AI Summary • Published on Mar 12, 2026
The one-dimensional (1D) flux power spectrum of the Lyman-alpha (Lyα) forest is a crucial probe for understanding small-scale structures in the high-redshift Universe, providing unique insights into dark matter, the intergalactic medium, and fundamental physics. However, interpreting these measurements requires detailed modeling of complex, degenerate phenomena like nonlinear structure formation, gas dynamics, and astrophysical feedback. Traditional inference methods, often relying on simulation grids or emulators, suffer from limitations such as assumptions of Gaussian likelihoods, difficulty in capturing complex degeneracies, and dependence on single simulation codes or models. An efficient and accurate inference framework capable of marginalizing over astrophysical uncertainties is needed as cosmological datasets grow in size and precision.

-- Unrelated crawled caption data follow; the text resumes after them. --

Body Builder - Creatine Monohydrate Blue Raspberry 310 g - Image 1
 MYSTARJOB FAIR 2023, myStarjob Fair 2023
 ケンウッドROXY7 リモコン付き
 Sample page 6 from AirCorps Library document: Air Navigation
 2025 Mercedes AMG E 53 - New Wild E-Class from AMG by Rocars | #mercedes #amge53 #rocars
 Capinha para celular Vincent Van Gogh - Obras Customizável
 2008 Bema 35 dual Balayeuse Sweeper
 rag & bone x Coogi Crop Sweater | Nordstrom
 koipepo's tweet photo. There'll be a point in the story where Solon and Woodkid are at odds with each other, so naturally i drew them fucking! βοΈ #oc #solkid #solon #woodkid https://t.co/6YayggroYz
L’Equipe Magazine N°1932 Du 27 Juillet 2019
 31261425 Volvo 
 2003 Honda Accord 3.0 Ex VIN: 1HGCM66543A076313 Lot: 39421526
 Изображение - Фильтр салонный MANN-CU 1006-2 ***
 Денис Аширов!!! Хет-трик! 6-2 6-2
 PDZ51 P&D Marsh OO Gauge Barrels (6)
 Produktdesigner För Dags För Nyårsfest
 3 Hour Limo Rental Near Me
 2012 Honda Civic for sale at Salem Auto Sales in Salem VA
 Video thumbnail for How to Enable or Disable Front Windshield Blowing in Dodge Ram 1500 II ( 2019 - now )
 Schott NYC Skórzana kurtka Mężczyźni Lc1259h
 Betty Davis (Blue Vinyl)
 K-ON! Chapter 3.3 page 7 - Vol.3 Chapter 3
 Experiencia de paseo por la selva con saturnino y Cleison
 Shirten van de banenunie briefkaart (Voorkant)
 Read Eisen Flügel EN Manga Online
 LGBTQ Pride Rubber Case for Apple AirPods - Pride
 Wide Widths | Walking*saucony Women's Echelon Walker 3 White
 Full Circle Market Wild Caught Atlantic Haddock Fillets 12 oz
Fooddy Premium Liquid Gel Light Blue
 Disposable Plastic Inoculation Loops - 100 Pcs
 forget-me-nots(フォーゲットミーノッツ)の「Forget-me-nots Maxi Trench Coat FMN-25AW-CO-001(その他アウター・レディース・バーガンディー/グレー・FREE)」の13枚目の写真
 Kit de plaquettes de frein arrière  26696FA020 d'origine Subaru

This study performs the first full simulation-based inference (SBI) on the Lyman-α forest 1D power spectrum (P1D(k)). It utilizes the CAMELS suite of cosmological hydrodynamic simulations, specifically those run with the IllustrisTNG and SIMBA galaxy formation models. These simulations encompass variations in two cosmological parameters (Ωm and σ8) and four astrophysical parameters related to supernova and AGN feedback. The researchers train a normalizing flow, employing a Neural Posterior Estimation (NPE) approach with Masked Autoregressive Flows (MAF), to directly approximate the posterior distributions of these parameters. A key methodological aspect involves combining P1D(k) measurements across eight different redshifts into a single input vector for the neural network. To address a systematic mean flux mismatch between IllustrisTNG and SIMBA simulations, the SIMBA mean flux is rescaled to match IllustrisTNG. Due to the limited volume of the CAMELS simulations and the dominance of cosmic variance, the analysis primarily focuses on constraining only the cosmological parameters, as the astrophysical parameters were found to be unconstrained. Various maximum wavenumber (kmax) scale cuts (1.5, 2.0, and 3.0 h Mpc−1) were tested for the P1D(k) measurements.
When the inference framework was trained and tested self-consistently on a single galaxy formation model (IllustrisTNG or SIMBA), the cosmological parameters (Ωm and σ8) were recovered with excellent accuracy and precision. For IllustrisTNG, parameters were within 10% deviations in over 75% (Ωm) and over 90% (σ8) of cases, achieving approximately 8% and 6% precision, respectively. SIMBA results were slightly less accurate but still unbiased. However, astrophysical parameters remained unconstrained across all configurations due to the dominance of cosmic variance over feedback effects in the small simulation volumes. A significant challenge arose during cross-generalization tests (training on IllustrisTNG and testing on SIMBA), even with mean flux rescaling. While Ωm remained relatively unbiased, its scatter increased, and σ8 exhibited a ~10% positive bias, with posteriors showing overconfidence. This highlighted the inherent cross-generalization problem between different galaxy formation models. To mitigate this, a multi-domain training approach was implemented by combining simulations from both IllustrisTNG and SIMBA. This proved effective, recovering unbiased parameter values for both Ωm and σ8 with accuracy and precision comparable to the self-consistent single-model training, demonstrating its ability to handle model uncertainties. Additionally, exploring inference on the power spectrum of optical depth (τ) instead of flux (F) yielded improved precision for both Ωm (~5.8%) and σ8 (~4.6%) while maintaining unbiased results.
This study represents a significant advancement in using simulation-based inference for cosmological parameter estimation from the Lyman-alpha forest. The success of the multi-domain training method provides a robust solution for dealing with inconsistencies between different galaxy formation models, which is crucial for applying these techniques to real observational data. The work paves the way for future efforts to constrain fundamental physics more accurately with the Lyman-alpha forest. Moving forward, the framework will be extended to next-generation CAMELS simulations with larger volumes to potentially constrain astrophysical parameters and achieve even better statistical precision. Further research will involve applying this framework to other dark matter physics simulations and real-world P1D(k) measurements from instruments like DESI and KODIAQ-SQUAD. This will necessitate addressing observational effects such as instrumental noise and contaminants, potentially through advanced domain adaptation techniques, and further exploring the advantages of optical depth power spectrum inference.